Beth-Ami: Because he has to kiss the ladies. It doesn’t matter how old they are.

Graham: I always kiss them yes but I just hug the guys.

Glenn: I noticed myself at the Sheffield show how well the new material fitted in.

Beth-Ami: Yeah.

Graham: Yeah. One of those songs, ‘Always Be There’ – one of the songs that is written about the 60’s and The Beatles – the first verse is about them. How they changed the world with the Cuban boots and the hair and everything – everybody suddenly starts to look different. The song is about all the things we used to remember – the mods and the rockers etc through to the folk era. We always thought it would be there. I always thought that The Beatles would never die. George Harrison doesn’t die, John doesn’t die.

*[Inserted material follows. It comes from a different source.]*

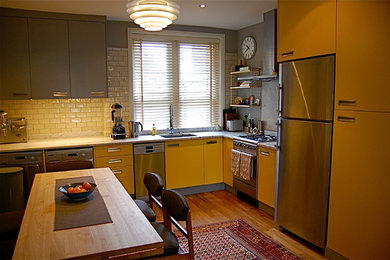 Design ideas for a large contemporary l-shaped eat-in kitchen in London with an undermount sink, flat-panel cabinets, yellow cabinets, quartz benchtops, white splashback, subway tile splashback, stainless steel appliances, medium hardwood floors and no island.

Glenn: They are always there. (I point to my head and heart).

Graham: Yeah. But you thought physically they would always be there and the times we had as mods and rockers. We thought we changed the world with our spiky hair and being so different wearing scooters with mirrors and the rockers had their chains and their Norton’s – you never thought that time would end but every generation has that time you think would never end – you think you’re always different but you’re not. The fact that back in the 1920’s – they were a new breed and the mods were and the rockers were. It was just – how could this end? But it did for all of us. For my Mum and Dad, for everybody’s Grandma and Grandad. There was that little time when you were special – the end. It’s youth. It’s being a young person.

Glenn: It’s a cycle isn’t it?

Graham: Yeah, yeah.

Glenn: The older brigade always look down on the younger brigade and some don’t. It’s crazy stuff.

Beth-Ami: He’s constantly creating music and my daughter cracked me up saying, “Mum does he ever stop?”, and the answer’s “No he doesn’t.” He’s a jukebox and god forbid if you say something with a song cue. There’s at least ten songs being written at a time and they’re all great.

Graham: Are they?

Beth-Ami: Yeah. You know I’m your biggest fan.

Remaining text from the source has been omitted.